Frequently Asked Questions¶
Common questions about grai.build.
General Questions¶
What is grai.build?¶
grai.build is a declarative schema management tool for graph databases, inspired by dbt. It lets you define your graph schema in YAML files, validates consistency, generates Cypher scripts, and manages your Neo4j schema.
Think of it as "dbt for graph databases" - but focused on schema, not data transformation.
Is grai.build an ETL tool?¶
No. grai.build is a schema management tool, not an ETL tool.
- ✅ What it does: Define schema, validate structure, generate Cypher constraints/indexes
- ❌ What it doesn't do: Transform data, schedule jobs, orchestrate pipelines
For data loading, use tools like:
- Airflow / Prefect (orchestration)
- dbt (SQL transformations)
- Custom Python scripts
- Apache Spark / Kafka
Then use grai.build to ensure your graph schema is consistent and documented.
How is grai.build different from dbt?¶
Feature | dbt | grai.build |
---|---|---|
Database | SQL (PostgreSQL, Snowflake, etc.) | Graph (Neo4j, future: Gremlin) |
Focus | Data transformation (SELECT statements) | Schema management + data loading |
Models | SQL files with Jinja | YAML files with entities/relations |
Output | Tables/views | Graph nodes/edges |
Data Loading | Via materialization | From BigQuery, PostgreSQL, etc. |
Documentation | Yes (HTML docs) | Yes (HTML docs + visualizations) |
Lineage | Yes (SQL-based) | Yes (graph-based) |
Testing | Yes (data quality tests) | Yes (schema validation) |
Orchestration | No (use Airflow) | No (use Airflow) |
Use both together:
- Use dbt to transform data in your warehouse (SQL → clean tables)
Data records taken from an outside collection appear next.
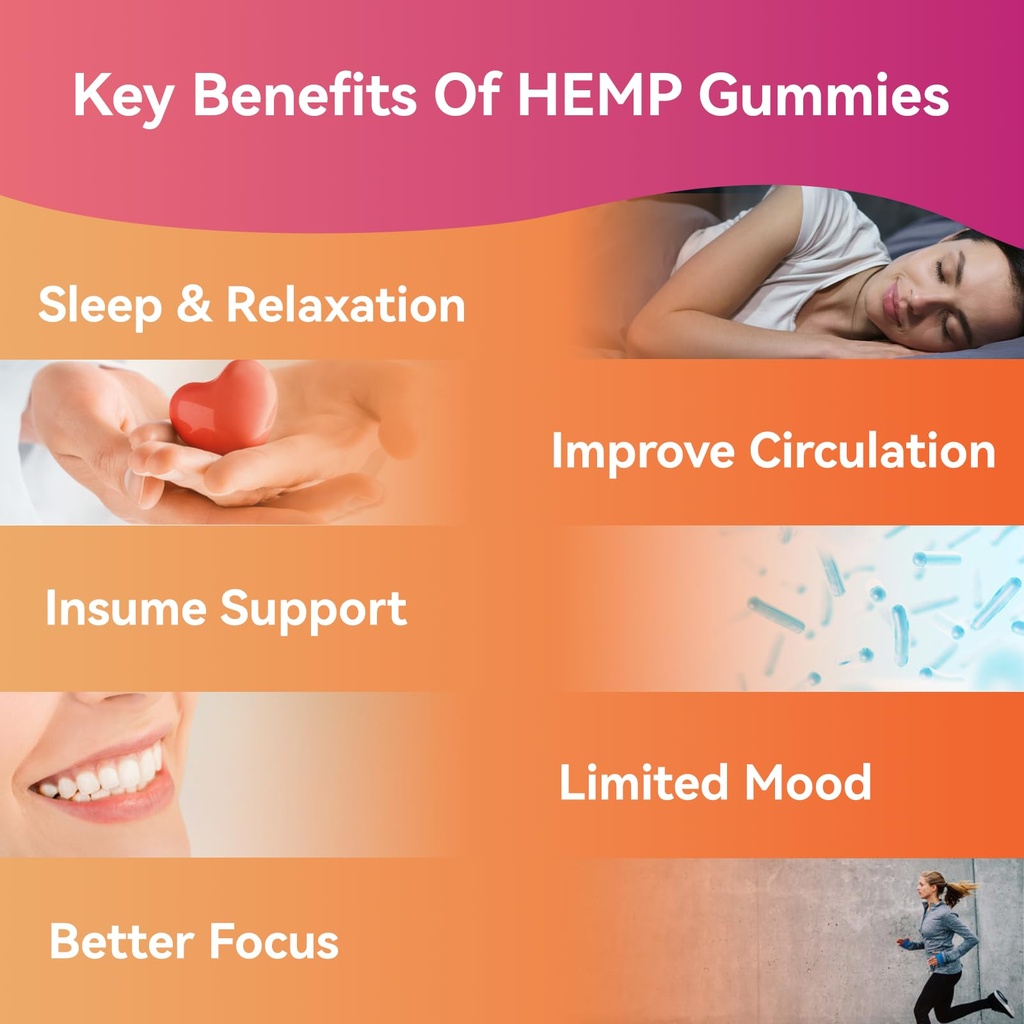 hemp-oil-gummies-with-vitamin-c-vegan-or-3.jpg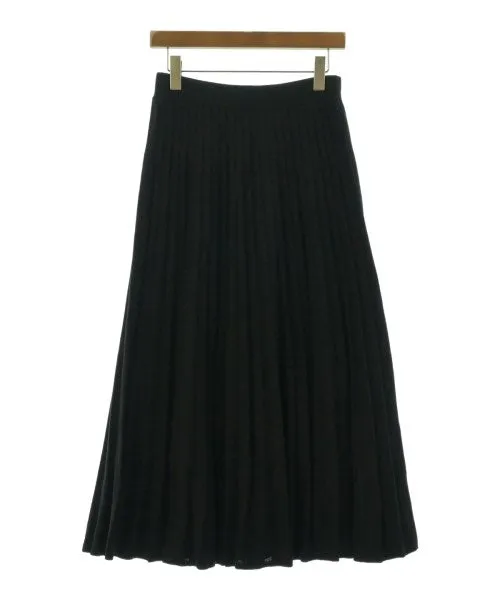 R-ISM Long/Maxi length skirts
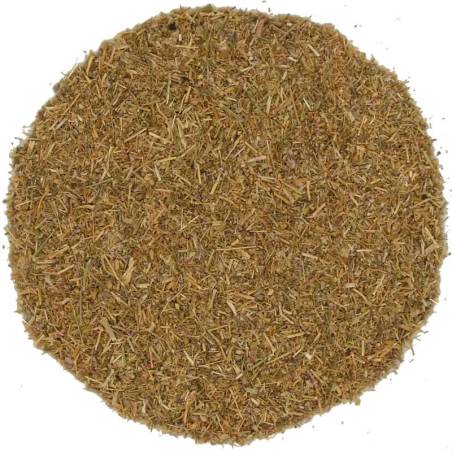 Arenaria Roja Hierba Cortada TEAinFUSION | Infusión depurativa natural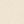 Parchment Apricot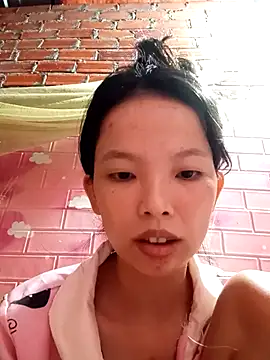 Sammy265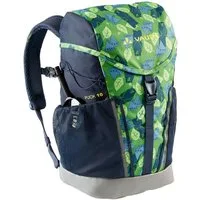 VAUDE Rucksack (Set, 2-tlg)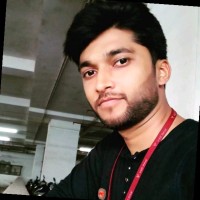 Kunal Mhatre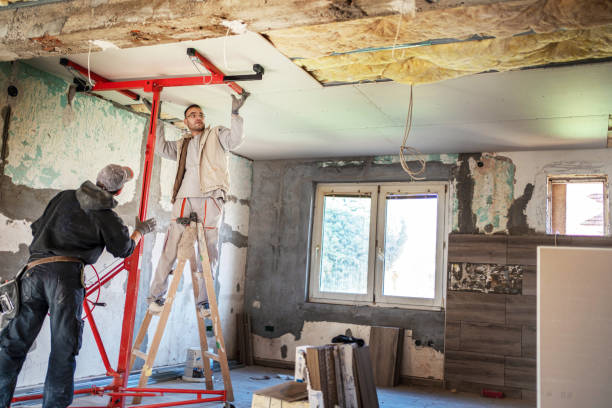 Best DIY Insulation Kits and Guidance in Jonesborough, TN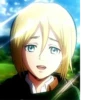 Christa Renz (Historia Reiss) By Lelu❤️ 26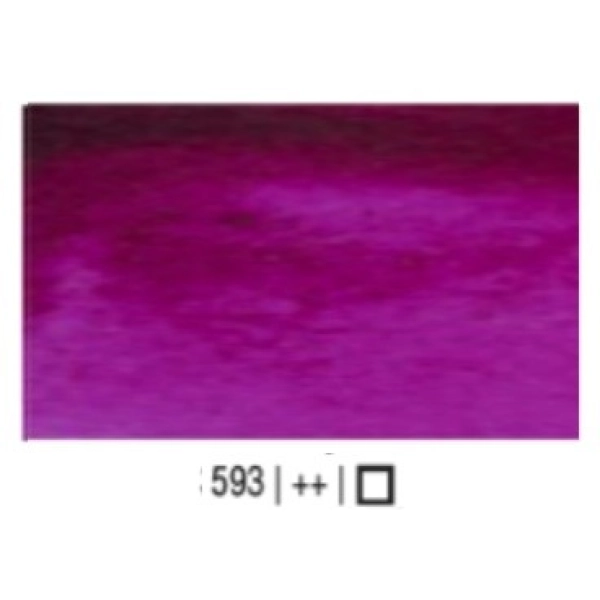 VAN GOGH 10ml-PURPURA AZUL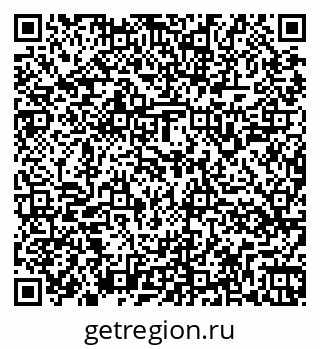 79266149698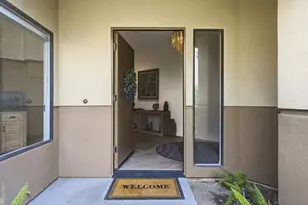 80563 Pebble Beach, La Quinta, CA 92253 - Photo 15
- Use grai.build to load transformed data into Neo4j (warehouse → graph)
- Use Airflow/Prefect to orchestrate both (dbt run → grai load)
What databases are supported?¶
Currently:
- ✅ Neo4j (full support)
Planned:
- 🚧 Apache TinkerPop / Gremlin
- 🚧 Amazon Neptune
- 🚧 Azure Cosmos DB (Gremlin API)
Do I need to learn Cypher?¶
Not really. grai.build generates Cypher for you based on your YAML definitions.
However, basic Cypher knowledge is helpful for:
- Querying your graph after it's built
- Understanding the generated output
- Debugging issues
Resources:
Installation & Setup¶
How do I install grai.build?¶
# From PyPI (when published)
pip install grai-build
# Or from source (development)
git clone https://github.com/asantora05/grai.build.git
cd grai.build
pip install -e .
What Python version do I need?¶
Python 3.11 or higher.
Check your version:
Do I need Neo4j running locally?¶
Yes, if you want to execute the generated Cypher against a database.
For local development:
docker run -d \
--name neo4j \
-p 7474:7474 -p 7687:7687 \
-e NEO4J_AUTH=neo4j/yourpassword \
neo4j:latest
For schema-only work:
You can use grai build
to generate Cypher without connecting to Neo4j.
Project Structure¶
Where should I create my project?¶
Create your project anywhere outside the grai.build source code.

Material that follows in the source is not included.